L’incontro verteva, essenzialmente sull’argomento, delle leggi razziali. Ecco di cosa voleva parlarmi questo mio amico.
Le argomentazioni sono state varie e molto profonde, sulle tematiche di cui tutti i media parlano, ma le ferite rimangono e non passano mai.
Sì, Francesco ha dei parenti lontani di origine ebrea. A distanza di tanti anni è difficile dimenticare Benito Mussolini e tutto quello che è accaduto, le tragedie e le infamie di si sono macchiati i fascisti durante quel periodo e tutte le angherie che gli ebrei hanno dovuto subire.
Ancora oggi, quando ne parla, gli occhi di Francesco diventano tristi e le lacrime gli rigano il viso, perché a distanza di tanti anni «ci sono questi rigurgiti razzisti, perché non solo gli ebrei ma anche tantissimi altri devono subire queste umiliazioni».
La storia, a quanto pare, sembra non averci insegnato nulla e questa follia che si è impossessata di queste menti malate, le ha per così dire corrotte moralmente e come assuefatte sono cadute nella trappola dell’odio che, poco alla volta, le ha fagocitate.
Caro Francesco, credo che ci vorrà del tempo perché questo stato di cose possa finire definitivamente nel dimenticatoio, per sempre fuori da ogni razionalità. «Bisogna – aggiunge Francesco – rispettare le sofferenze di tutte quelle popolazioni che hanno pagato con la vita la loro appartenenza».

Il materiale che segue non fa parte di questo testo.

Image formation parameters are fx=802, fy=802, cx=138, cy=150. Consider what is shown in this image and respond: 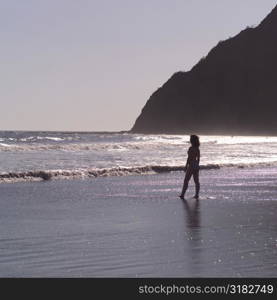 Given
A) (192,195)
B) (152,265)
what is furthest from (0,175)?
(152,265)

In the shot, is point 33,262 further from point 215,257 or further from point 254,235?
point 254,235

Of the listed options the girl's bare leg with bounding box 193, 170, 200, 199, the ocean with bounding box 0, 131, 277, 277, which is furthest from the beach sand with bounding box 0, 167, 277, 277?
the girl's bare leg with bounding box 193, 170, 200, 199

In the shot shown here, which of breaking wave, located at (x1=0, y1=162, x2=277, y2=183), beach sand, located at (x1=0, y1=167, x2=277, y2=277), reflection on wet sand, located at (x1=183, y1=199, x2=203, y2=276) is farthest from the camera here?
breaking wave, located at (x1=0, y1=162, x2=277, y2=183)

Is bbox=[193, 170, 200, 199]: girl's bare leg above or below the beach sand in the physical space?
above

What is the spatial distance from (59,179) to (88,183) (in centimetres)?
275

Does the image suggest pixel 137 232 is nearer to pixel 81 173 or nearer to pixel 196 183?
pixel 196 183

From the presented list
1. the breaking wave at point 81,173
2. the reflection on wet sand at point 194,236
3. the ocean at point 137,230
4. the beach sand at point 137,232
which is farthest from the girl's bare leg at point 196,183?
the breaking wave at point 81,173

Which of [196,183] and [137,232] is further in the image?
[196,183]

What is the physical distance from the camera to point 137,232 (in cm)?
1425

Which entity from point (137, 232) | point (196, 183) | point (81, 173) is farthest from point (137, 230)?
point (81, 173)

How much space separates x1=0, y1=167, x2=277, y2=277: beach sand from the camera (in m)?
10.7

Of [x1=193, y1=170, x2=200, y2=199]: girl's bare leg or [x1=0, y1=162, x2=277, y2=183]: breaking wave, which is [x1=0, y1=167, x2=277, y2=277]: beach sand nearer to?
[x1=193, y1=170, x2=200, y2=199]: girl's bare leg

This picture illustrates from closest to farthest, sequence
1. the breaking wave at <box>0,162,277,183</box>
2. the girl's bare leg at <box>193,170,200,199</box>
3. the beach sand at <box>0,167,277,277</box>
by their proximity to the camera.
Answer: the beach sand at <box>0,167,277,277</box> < the girl's bare leg at <box>193,170,200,199</box> < the breaking wave at <box>0,162,277,183</box> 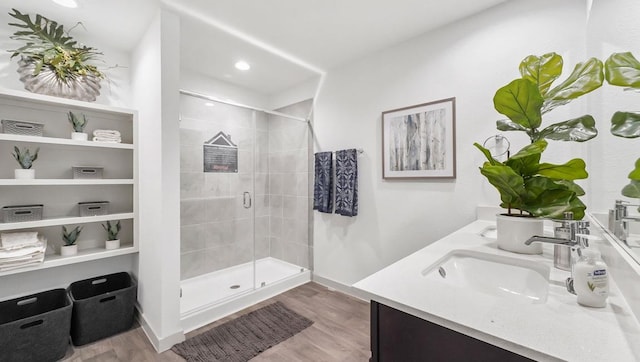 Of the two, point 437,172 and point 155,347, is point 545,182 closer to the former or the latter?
point 437,172

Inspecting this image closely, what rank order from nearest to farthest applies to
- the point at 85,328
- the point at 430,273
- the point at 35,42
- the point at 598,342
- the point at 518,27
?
the point at 598,342, the point at 430,273, the point at 518,27, the point at 85,328, the point at 35,42

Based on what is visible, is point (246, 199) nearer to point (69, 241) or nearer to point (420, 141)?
point (69, 241)

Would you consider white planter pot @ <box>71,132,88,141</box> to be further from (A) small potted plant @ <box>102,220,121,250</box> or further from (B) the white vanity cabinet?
(A) small potted plant @ <box>102,220,121,250</box>

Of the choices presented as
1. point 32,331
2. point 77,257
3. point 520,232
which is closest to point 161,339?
point 32,331

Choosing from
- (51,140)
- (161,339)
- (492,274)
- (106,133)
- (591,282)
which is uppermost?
(106,133)

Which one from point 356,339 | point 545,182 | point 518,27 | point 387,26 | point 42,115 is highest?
point 387,26

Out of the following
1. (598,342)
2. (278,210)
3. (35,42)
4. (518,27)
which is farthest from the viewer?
(278,210)

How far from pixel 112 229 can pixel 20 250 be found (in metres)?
0.58

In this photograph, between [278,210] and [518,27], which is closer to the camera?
[518,27]

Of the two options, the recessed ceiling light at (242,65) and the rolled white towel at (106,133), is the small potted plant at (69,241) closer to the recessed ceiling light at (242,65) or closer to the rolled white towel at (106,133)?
the rolled white towel at (106,133)

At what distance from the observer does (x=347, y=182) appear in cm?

La storia, attraverso i fatti che sono stati descritti, non può fare altro che ricordare lo scempio perpetrato, le ignominie, le persecuzioni che hanno trovato il loro culmine con i campi di sterminio, la Shoah che non può mai essere dimenticata.
Di questo voleva parlarmi il mio amico, aveva necessità di dirmi questo, le sue angosce ed il suo rammarico, perché se avesse avuto la possibilità, avrebbe aiutato quanti si fossero trovati nella necessità di essere salvati da tutte queste efferatezze.
Caro Amico, sono io che ti ringrazio per avermi dato la possibilità di capire ancora meglio il tuo dolore, a distanza di tanti anni, e solo con il nostro impegno potremo dare un senso a questa vita che deve essere vissuta nella condivisione, nella libertà e nella fratellanza più schietta.